A dataset represents a dataset in your data warehouse. Metriql automatically creates datasets from your dbt models, sources, and seeds. A dataset has three important properties:

dimension lets you drill down into the dataset, it can be used to filter query results. It can be either a column in your table or an SQL expression that processes a single row and returns a value.

measure is a field that uses an SQL aggregate function, such as count, sum, or average. Measures can be used to aggregate dimensions. For example, measures for a Sales model might include total items sold (a count), total sales price (a sum), and the average sales price (an average).

relation defines a join in between the datasets.
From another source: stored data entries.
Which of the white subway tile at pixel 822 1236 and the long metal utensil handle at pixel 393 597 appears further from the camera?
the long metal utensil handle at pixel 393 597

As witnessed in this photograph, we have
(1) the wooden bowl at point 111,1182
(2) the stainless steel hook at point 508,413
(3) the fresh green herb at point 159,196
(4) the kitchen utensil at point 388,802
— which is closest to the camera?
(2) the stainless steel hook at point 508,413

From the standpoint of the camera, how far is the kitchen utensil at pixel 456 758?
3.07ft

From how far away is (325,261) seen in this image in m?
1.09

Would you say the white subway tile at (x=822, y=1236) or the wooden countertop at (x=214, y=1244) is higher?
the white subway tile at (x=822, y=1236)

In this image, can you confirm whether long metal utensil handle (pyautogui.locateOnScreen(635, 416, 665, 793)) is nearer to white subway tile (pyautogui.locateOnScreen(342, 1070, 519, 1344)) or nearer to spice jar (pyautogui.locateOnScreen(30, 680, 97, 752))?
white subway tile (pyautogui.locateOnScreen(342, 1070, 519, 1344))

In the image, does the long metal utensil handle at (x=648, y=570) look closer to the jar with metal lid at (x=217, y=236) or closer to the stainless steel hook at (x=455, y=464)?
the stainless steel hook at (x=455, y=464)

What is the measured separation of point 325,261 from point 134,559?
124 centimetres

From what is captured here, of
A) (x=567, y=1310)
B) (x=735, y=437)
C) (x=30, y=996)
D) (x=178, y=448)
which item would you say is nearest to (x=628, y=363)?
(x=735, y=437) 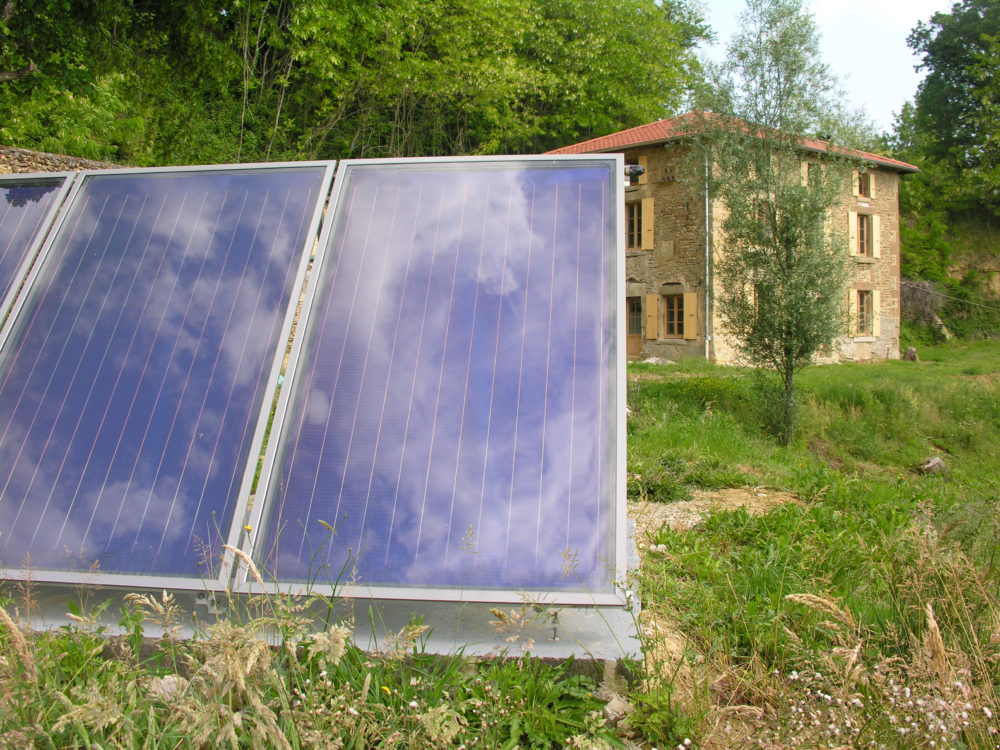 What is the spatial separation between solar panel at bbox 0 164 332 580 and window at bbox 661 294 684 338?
68.1ft

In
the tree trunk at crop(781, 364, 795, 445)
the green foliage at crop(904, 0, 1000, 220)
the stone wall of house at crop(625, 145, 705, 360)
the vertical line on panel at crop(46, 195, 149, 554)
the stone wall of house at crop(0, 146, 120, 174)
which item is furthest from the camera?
the green foliage at crop(904, 0, 1000, 220)

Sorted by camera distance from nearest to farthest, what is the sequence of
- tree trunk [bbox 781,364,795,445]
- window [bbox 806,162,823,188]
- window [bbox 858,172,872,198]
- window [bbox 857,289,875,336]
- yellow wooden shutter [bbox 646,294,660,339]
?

Metriql automatically generates SQL join logic to bring in all fields from another dataset correctly then the user analyzes a specific dataset.
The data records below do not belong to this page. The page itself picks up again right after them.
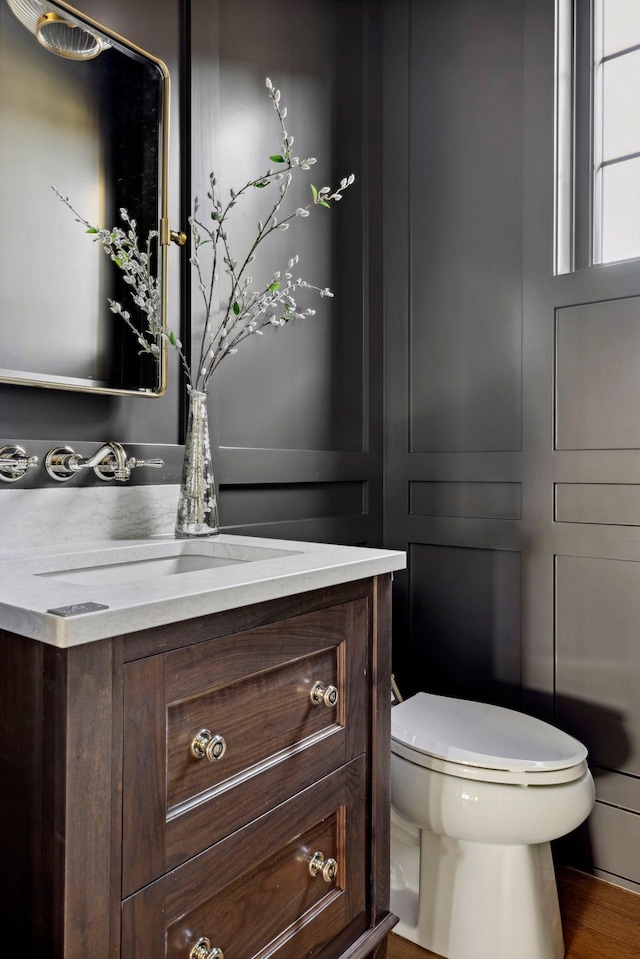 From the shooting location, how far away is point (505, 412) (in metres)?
1.77

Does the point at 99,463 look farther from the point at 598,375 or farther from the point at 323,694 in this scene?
the point at 598,375

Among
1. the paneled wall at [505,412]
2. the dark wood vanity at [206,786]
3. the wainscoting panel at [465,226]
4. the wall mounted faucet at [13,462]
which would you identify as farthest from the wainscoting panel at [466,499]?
the wall mounted faucet at [13,462]

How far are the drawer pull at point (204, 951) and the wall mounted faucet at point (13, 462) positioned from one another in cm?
71

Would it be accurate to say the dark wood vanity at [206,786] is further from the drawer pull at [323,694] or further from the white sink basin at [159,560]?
the white sink basin at [159,560]

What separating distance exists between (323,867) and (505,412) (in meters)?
1.21

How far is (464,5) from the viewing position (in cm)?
187

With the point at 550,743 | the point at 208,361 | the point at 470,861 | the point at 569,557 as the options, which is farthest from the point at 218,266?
Answer: the point at 470,861

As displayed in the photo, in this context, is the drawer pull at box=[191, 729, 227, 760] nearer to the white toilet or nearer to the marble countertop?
the marble countertop

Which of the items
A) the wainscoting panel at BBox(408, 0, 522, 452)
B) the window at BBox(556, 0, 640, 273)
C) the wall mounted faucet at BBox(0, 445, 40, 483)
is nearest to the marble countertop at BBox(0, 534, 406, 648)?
the wall mounted faucet at BBox(0, 445, 40, 483)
Create datasets from dbt metrics#

info

The feature is in beta and the API is unstable for now.

We support dbt's metrics natively. The datasets that is created via dbt metrics only have single measures and the dimensions are inherited from the base model / source / seed if you use meta.metriql in them. Please refer to dbt's metrics feature to learn more about the definitions.
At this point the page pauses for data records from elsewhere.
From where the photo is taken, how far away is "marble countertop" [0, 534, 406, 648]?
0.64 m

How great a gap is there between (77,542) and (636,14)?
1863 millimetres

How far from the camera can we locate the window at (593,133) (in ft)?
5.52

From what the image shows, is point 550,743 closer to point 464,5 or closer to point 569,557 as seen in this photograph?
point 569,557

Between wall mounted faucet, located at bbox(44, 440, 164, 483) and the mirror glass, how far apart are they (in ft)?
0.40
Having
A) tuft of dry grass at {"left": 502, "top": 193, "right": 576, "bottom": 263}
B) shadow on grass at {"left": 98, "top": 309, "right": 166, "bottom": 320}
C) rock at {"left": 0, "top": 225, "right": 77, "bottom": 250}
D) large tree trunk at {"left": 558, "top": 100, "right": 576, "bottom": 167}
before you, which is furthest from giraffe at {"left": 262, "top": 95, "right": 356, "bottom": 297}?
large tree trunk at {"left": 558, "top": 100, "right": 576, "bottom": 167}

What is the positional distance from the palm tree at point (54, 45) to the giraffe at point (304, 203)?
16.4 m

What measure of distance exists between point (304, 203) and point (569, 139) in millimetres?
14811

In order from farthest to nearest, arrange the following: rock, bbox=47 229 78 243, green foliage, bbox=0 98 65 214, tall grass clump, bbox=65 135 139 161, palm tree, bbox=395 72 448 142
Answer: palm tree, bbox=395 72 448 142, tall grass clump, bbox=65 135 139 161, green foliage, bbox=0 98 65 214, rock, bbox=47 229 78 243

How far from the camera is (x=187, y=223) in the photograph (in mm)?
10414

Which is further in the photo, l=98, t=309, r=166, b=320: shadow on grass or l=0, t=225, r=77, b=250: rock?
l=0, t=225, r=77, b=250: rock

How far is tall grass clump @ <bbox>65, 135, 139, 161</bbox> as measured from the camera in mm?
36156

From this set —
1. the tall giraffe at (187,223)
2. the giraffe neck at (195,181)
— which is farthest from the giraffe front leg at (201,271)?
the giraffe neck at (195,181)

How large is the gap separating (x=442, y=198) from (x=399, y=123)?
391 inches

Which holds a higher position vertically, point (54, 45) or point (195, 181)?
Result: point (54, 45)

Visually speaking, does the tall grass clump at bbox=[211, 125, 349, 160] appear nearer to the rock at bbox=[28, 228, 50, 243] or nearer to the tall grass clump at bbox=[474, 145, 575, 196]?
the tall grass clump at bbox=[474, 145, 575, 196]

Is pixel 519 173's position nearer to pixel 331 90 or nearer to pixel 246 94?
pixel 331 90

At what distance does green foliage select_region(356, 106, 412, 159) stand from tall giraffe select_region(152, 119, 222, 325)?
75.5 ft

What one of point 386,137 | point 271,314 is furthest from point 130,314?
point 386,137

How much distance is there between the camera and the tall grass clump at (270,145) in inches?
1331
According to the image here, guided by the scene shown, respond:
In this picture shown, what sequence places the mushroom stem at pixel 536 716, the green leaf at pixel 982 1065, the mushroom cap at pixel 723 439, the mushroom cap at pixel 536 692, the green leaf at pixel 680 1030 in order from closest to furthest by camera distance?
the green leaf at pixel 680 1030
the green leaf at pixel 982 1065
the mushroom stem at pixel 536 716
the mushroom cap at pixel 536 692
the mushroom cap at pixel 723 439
Create datasets from dbt models#

You can map your columns as dimensions and measures under the meta property of columns as follows:

models:
- name: customers
columns:
- name: country_code
meta:
metriql.dimension:
type: string
- name: city
meta:
metriql.dimension:
type: string
- name: total_customers
description: total number of customers defined as count(*) in sql
meta:
metriql.measure:
aggregation: sum

In addition to column mapping, you can also create custom measures and dimensions by defining them under meta of the model:

models:
- name: customers
meta:
metriql:
measures:
total_rows:
aggregation: count
dimensions:
full_location:
sql: CONCAT({TABLE}.country, {TABLE}.city)
type: string

You can see the full list of properties that you can use under model.meta and column.meta here.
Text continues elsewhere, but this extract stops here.